Task material Start Marker
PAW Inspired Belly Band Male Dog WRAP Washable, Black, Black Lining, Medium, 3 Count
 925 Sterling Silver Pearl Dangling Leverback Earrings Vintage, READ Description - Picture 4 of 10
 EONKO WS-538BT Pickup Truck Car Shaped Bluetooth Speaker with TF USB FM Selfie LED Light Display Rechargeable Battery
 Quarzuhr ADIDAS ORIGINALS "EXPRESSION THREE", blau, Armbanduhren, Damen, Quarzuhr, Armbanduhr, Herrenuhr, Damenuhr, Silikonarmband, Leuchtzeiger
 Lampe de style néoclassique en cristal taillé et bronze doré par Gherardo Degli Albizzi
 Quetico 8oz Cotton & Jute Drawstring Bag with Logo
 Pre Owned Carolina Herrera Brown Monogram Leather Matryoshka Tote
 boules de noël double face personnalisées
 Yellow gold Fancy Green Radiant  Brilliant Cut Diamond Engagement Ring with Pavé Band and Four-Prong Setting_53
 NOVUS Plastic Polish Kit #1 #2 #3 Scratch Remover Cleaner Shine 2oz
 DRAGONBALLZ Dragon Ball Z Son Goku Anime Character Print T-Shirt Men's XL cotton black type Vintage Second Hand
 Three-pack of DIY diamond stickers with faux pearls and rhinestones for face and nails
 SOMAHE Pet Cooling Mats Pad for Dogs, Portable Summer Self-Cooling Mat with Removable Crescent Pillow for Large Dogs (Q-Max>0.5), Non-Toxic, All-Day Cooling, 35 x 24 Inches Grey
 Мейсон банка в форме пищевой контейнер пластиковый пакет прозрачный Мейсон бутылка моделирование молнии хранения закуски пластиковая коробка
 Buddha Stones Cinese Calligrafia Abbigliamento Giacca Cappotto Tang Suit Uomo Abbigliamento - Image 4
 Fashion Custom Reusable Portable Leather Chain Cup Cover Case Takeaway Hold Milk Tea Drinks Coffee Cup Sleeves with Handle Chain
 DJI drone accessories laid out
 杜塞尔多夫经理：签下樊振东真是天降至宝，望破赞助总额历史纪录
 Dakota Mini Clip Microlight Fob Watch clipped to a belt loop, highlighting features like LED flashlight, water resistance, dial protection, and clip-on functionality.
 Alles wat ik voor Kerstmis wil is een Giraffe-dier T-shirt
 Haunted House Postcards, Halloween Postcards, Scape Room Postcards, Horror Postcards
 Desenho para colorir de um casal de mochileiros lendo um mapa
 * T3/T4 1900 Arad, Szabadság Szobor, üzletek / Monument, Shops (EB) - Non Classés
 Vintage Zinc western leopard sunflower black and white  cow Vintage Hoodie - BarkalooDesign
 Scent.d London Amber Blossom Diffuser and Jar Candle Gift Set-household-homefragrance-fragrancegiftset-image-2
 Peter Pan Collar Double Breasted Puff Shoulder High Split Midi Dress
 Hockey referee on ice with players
Task material End Marker
What the task asks -> Keeping each word as given, write out the material above.

Exercise output ->
PAW Inspired Belly Band Male Dog WRAP Washable, Black, Black Lining, Medium, 3 Count
 925 Sterling Silver Pearl Dangling Leverback Earrings Vintage, READ Description - Picture 4 of 10
 EONKO WS-538BT Pickup Truck Car Shaped Bluetooth Speaker with TF USB FM Selfie LED Light Display Rechargeable Battery
 Quarzuhr ADIDAS ORIGINALS "EXPRESSION THREE", blau, Armbanduhren, Damen, Quarzuhr, Armbanduhr, Herrenuhr, Damenuhr, Silikonarmband, Leuchtzeiger
 Lampe de style néoclassique en cristal taillé et bronze doré par Gherardo Degli Albizzi
 Quetico 8oz Cotton & Jute Drawstring Bag with Logo
 Pre Owned Carolina Herrera Brown Monogram Leather Matryoshka Tote
 boules de noël double face personnalisées
 Yellow gold Fancy Green Radiant  Brilliant Cut Diamond Engagement Ring with Pavé Band and Four-Prong Setting_53
 NOVUS Plastic Polish Kit #1 #2 #3 Scratch Remover Cleaner Shine 2oz
 DRAGONBALLZ Dragon Ball Z Son Goku Anime Character Print T-Shirt Men's XL cotton black type Vintage Second Hand
 Three-pack of DIY diamond stickers with faux pearls and rhinestones for face and nails
 SOMAHE Pet Cooling Mats Pad for Dogs, Portable Summer Self-Cooling Mat with Removable Crescent Pillow for Large Dogs (Q-Max>0.5), Non-Toxic, All-Day Cooling, 35 x 24 Inches Grey
 Мейсон банка в форме пищевой контейнер пластиковый пакет прозрачный Мейсон бутылка моделирование молнии хранения закуски пластиковая коробка
 Buddha Stones Cinese Calligrafia Abbigliamento Giacca Cappotto Tang Suit Uomo Abbigliamento - Image 4
 Fashion Custom Reusable Portable Leather Chain Cup Cover Case Takeaway Hold Milk Tea Drinks Coffee Cup Sleeves with Handle Chain
 DJI drone accessories laid out
 杜塞尔多夫经理：签下樊振东真是天降至宝，望破赞助总额历史纪录
 Dakota Mini Clip Microlight Fob Watch clipped to a belt loop, highlighting features like LED flashlight, water resistance, dial protection, and clip-on functionality.
 Alles wat ik voor Kerstmis wil is een Giraffe-dier T-shirt
 Haunted House Postcards, Halloween Postcards, Scape Room Postcards, Horror Postcards
 Desenho para colorir de um casal de mochileiros lendo um mapa
 * T3/T4 1900 Arad, Szabadság Szobor, üzletek / Monument, Shops (EB) - Non Classés
 Vintage Zinc western leopard sunflower black and white  cow Vintage Hoodie - BarkalooDesign
 Scent.d London Amber Blossom Diffuser and Jar Candle Gift Set-household-homefragrance-fragrancegiftset-image-2
 Peter Pan Collar Double Breasted Puff Shoulder High Split Midi Dress
 Hockey referee on ice with players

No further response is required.